Unlike “That ’70s Show,” “That ’90s Show” appeals two ways to those who came of age when “That ’70s Show” had its run on Fox.
One is the show’s 1990s time frame. The other is the availability of the former stars of “That ’70s Show” to make appearances on the new one. When each one enters a scene, wild cheers erupt from an unseen audience (or possibly from a recording of similar whoops from sitcoms long ago).
Topher Grace and Laura Prepon are back as Eric Forman and Donna Pinciotti, who are now married with a teenage daughter.
Ashton Kutcher and Mila Kunis are also back as Michael Kelso and Jackie Burkhart, who have divorced and remarried three times. They have a teenage son who is just like dad. Wilmer Valderrama -- the irrepressible Fez -- will be seen later in the new series.
Debra Jo Rupp and Kurtwood Smith (pictured above) are back as the parents of Eric Forman whose house was the principal gathering place for the teen friends in “That ’70s Show."
Of all of the stars of “That ’70s Show,” the Forman parents seem like the only ones who will be seen in every episode.
Even Eric and Donna Forman leave fictional Point Place, Wisconsin, at the end of Episode One after leaving their teen-aged daughter with her grandparents for the summer.
“That 90s Show” starts streaming Thursday (January 19) on Netflix.

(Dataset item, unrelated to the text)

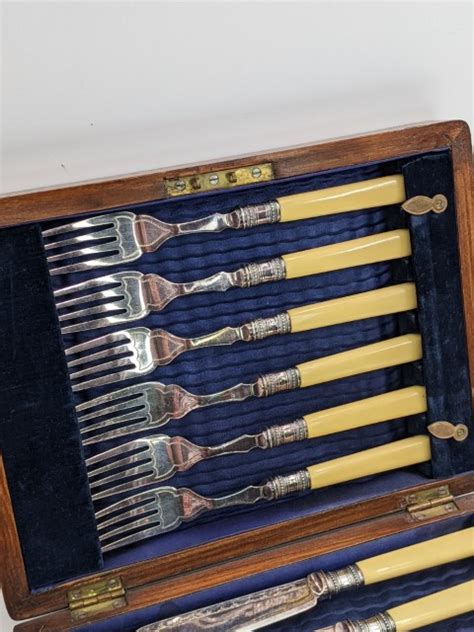 Lot Antique Victorian Boxed Silver Plated Fish Knives Forks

Adam, I appreciate your reviews when they hammer/attack or just tweak producers for puerile sex jokes. I wonder if the writers put the jokes in because they just want to, or because they think they should put them in, or if Netflix (or any other provider) demands them. HBO, in the old days, used to inject nudity into shows, it seemed, mainly to keep reminding people it wasn't television--it was HBO, as the slogan went. It would be interesting to hear true answers to these questions. I don't think we ever will which I suppose is why they're never asked.